Available data Block Start

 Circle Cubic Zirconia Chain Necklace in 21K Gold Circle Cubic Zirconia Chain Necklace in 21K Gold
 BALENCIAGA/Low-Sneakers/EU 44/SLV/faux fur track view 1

Available data Block End
Available data Block Start

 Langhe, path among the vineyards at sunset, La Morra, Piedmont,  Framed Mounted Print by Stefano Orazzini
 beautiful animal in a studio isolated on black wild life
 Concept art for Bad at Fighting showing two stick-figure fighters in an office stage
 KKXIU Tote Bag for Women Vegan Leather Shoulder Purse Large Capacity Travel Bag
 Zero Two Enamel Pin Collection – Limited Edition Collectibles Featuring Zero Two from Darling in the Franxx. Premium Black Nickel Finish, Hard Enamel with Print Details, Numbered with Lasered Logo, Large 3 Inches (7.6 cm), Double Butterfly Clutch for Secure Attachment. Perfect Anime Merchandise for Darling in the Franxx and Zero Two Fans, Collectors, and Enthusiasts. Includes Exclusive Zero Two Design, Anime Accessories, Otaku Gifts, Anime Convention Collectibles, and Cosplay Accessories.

Available data Block End

▸ Task description: Would you copy out exactly the lines above that start at the one containing "Circle Cubic Zirconia Chain Necklace in 21K Gold Circle" and end at the one containing "BALENCIAGA/Low-Sneakers/EU 44/SLV/faux fur", inclusive?

▸ Exercise answer:
 Circle Cubic Zirconia Chain Necklace in 21K Gold Circle Cubic Zirconia Chain Necklace in 21K Gold
 BALENCIAGA/Low-Sneakers/EU 44/SLV/faux fur track view 1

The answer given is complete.